Sunday, May 24, 2009

KissyKissy says the Beltway reporter

Comment re For Baucus, health care is the issue of a lifetime http://www.washingtonpost.com/wp-dyn/content/article/2009/05/23/
AR2009052301893_Comments.html


Good grief, Washington Post. You've reminded me again never to underestimate the delusional mindset that often overcomes Beltway newspaper reporters. Anyone who can write about Baucus without mentioning his obligations to those who fund his political campaigns is missing the point. By a wide margin. Baucus receives more money from the drug and health insurance companies than any other Democrat in the Senate or the House. So it is no surprise that his recent superficially complex proposals mask love letters to the HMO interests. If the Times falls, is the Post next?
5/25/2009 2:08:36 AM

Saturday, May 16, 2009

ObamaCare

•What He's Learned
A Conversation with Barack Obama
By Jon Meacham | NEWSWEEK
Published May 16, 2009
From the magazine issue dated May 25, 2009
http://www.newsweek.com/id/197891/CommentSuccess/false#CommentBox

•• COMMENT
Nonsense. Obama's ignorance about health care is being writ large across the nation.
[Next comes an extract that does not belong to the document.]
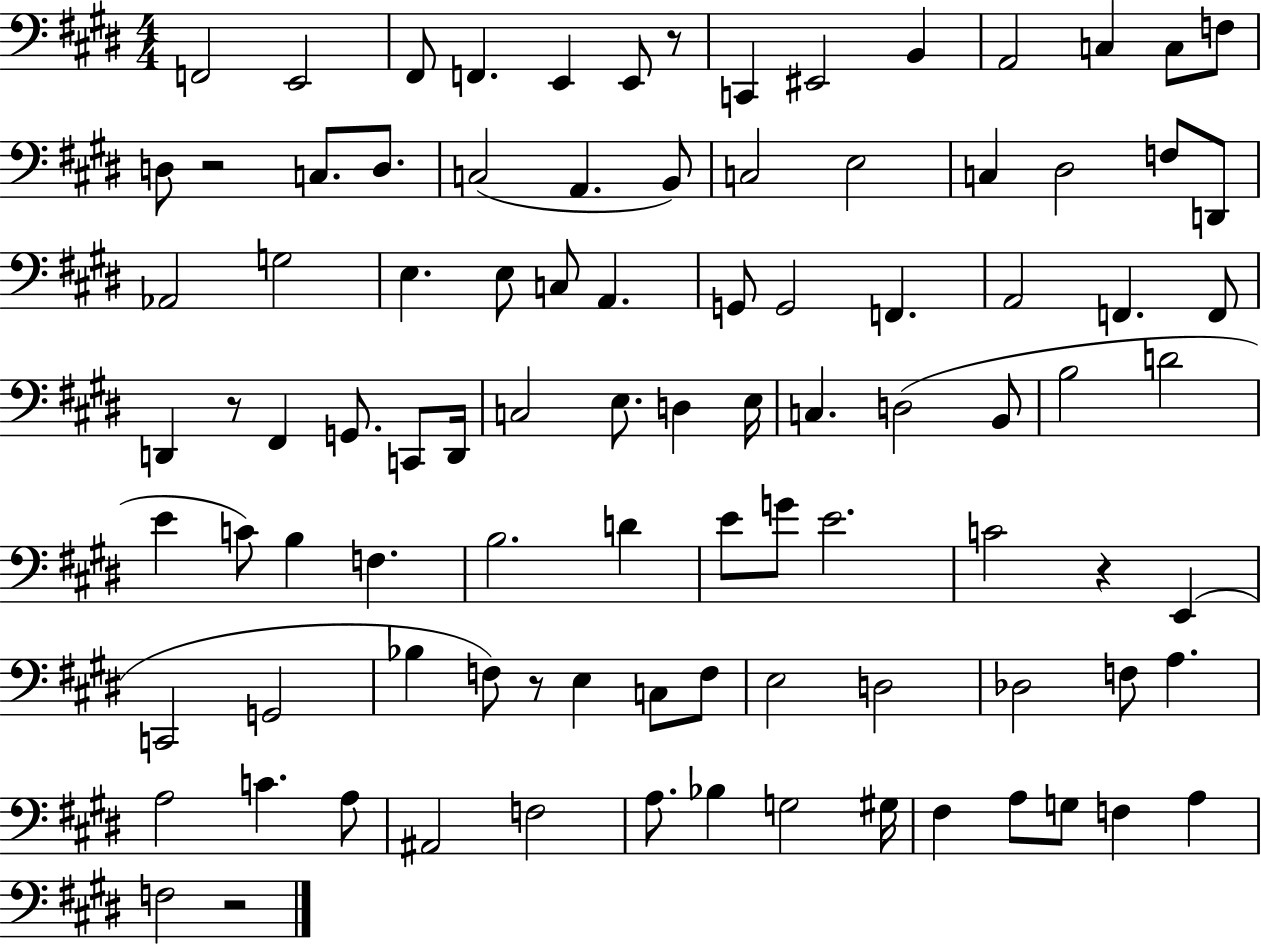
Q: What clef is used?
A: bass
Many people are going to catch on: ObamaCare means:
• an overall decline in quality of care for the vast majority of low-income and middle-income Americans;
• Continued high quality care for the upper-middle class, the rich and the political class.
• little or no change in costs for consumers ... you pay less, you get less .. then you get sick and pay more;
• reduced reimbursements for providers;
• reduced benefits for consumers;
• few or no consumer protections;
• Hostility and ignorance toward people with politically incorrect chronic or disabling health problems;
• Universal managed care.
• No thanks.

Monday, May 4, 2009

Date: May 4, 2009 5:55:59 AM EDT
To: letters@nytimes.com
Subject: letter to

"Where did all the doctors go?" (Letters, May 4) is more nonsense promoted by the HMO lobby and its dupes in the media. Should we pay people more when they are less educated, less trained and less experienced than people who know more, train longer and have more experience? Only in the dreamland inhabited by the puppets programmed by the HMO propaganda machine. More than a third of our population has a chronic or disabling health problem that requires expert care by a specialist serving as a principal (not primary) care provider. Most specialists are doubly credentialed, in internal medicine and in their specialty, and are more than capable of doing both jobs. It's time for an end to the attacks on them by the less deserving and jealous MDs. They have made their own bed of nails. Let them lie in it. Nobody put a gun to their heads and forced them to choose to serve a less needy and healthier population requiring simpler services. And nobody guaranteed them equal pay for less work.